• TASK STATEMENT: Those lines of the records that contain "بغداد" are to be located and copied.

• PROVIDED ENTRIES:
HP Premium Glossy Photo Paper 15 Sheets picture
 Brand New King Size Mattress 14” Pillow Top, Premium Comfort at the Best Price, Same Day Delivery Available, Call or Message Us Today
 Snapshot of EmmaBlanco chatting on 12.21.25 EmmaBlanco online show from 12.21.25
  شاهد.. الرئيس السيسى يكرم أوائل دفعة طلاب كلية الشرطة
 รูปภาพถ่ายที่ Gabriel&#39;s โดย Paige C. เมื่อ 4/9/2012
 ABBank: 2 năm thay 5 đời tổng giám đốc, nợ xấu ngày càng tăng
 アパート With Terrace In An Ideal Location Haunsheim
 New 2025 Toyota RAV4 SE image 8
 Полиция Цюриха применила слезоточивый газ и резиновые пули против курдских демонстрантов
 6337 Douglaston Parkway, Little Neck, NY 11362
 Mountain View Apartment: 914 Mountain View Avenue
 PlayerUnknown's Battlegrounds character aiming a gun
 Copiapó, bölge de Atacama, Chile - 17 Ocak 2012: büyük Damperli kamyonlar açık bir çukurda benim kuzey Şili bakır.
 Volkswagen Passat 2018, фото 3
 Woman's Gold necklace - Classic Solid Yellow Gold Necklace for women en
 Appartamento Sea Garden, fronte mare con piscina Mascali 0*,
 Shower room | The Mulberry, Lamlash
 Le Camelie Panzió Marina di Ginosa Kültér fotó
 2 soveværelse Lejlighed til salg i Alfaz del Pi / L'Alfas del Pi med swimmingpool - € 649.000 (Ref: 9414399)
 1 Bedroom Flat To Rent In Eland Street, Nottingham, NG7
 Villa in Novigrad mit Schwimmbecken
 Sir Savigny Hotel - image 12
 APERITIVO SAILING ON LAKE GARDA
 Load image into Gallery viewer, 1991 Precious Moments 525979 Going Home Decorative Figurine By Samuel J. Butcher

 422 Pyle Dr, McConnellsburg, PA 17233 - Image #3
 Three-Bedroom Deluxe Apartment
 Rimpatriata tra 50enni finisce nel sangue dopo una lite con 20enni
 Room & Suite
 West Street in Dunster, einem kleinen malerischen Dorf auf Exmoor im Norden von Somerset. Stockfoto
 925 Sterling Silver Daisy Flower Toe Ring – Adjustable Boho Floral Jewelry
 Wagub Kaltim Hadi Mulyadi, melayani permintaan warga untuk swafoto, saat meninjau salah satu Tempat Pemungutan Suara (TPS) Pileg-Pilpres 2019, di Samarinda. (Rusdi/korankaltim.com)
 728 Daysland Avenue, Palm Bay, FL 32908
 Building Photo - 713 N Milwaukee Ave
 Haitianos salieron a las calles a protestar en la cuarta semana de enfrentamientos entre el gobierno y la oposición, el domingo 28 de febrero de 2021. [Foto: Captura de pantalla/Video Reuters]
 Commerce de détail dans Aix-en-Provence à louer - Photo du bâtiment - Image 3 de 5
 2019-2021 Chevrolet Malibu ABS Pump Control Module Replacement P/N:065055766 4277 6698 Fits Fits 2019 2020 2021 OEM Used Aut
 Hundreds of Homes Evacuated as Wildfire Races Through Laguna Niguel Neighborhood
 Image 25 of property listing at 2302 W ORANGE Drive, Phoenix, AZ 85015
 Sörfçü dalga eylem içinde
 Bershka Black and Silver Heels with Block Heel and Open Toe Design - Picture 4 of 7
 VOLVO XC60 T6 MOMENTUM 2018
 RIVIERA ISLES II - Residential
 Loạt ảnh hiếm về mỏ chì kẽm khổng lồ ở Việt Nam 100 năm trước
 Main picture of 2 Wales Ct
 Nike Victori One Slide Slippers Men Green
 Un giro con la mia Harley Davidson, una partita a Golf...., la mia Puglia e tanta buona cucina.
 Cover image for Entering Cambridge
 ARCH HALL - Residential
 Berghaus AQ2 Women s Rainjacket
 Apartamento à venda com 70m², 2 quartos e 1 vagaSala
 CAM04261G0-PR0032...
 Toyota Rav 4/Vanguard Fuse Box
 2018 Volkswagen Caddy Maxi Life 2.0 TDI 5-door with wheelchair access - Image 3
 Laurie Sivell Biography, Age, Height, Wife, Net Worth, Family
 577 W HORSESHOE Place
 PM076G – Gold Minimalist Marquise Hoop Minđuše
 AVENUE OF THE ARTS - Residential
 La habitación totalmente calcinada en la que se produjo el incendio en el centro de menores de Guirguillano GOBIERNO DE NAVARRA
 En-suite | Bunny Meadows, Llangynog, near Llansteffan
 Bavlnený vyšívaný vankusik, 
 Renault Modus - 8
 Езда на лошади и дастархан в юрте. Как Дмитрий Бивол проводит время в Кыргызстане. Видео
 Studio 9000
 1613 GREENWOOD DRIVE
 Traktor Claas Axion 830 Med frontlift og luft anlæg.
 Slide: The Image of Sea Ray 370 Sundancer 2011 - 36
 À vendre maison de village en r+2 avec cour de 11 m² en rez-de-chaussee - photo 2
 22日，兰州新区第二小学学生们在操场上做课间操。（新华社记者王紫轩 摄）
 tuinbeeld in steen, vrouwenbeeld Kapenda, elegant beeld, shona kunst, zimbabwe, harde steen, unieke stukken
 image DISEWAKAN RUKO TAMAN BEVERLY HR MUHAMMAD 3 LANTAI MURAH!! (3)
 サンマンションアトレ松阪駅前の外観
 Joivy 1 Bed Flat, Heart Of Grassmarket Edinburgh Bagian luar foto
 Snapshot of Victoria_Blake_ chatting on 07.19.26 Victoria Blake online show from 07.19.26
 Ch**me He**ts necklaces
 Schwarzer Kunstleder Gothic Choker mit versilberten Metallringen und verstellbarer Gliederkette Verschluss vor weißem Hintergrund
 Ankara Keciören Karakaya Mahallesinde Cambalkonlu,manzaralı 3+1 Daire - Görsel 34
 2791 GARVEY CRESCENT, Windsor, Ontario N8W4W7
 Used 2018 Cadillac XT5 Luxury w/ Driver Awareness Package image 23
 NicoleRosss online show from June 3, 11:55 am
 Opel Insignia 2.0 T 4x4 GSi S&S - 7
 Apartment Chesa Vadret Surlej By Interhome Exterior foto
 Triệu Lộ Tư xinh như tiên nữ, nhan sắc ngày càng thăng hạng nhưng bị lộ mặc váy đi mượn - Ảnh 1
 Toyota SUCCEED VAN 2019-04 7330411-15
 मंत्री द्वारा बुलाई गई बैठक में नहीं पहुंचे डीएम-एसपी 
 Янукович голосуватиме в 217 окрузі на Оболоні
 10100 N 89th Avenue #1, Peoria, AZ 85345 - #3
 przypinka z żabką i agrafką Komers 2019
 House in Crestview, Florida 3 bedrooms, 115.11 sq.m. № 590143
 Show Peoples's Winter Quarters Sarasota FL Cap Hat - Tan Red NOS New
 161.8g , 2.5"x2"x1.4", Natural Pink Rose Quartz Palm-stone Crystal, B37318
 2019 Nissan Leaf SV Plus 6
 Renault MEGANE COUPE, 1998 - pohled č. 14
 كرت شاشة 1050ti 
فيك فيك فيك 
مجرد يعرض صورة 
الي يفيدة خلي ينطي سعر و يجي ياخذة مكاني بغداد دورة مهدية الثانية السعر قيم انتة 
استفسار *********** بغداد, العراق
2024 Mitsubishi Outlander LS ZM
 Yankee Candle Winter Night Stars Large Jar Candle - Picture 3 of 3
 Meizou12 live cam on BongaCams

• FINISHED TASK:
الي يفيدة خلي ينطي سعر و يجي ياخذة مكاني بغداد دورة مهدية الثانية السعر قيم انتة 
استفسار *********** بغداد, العراق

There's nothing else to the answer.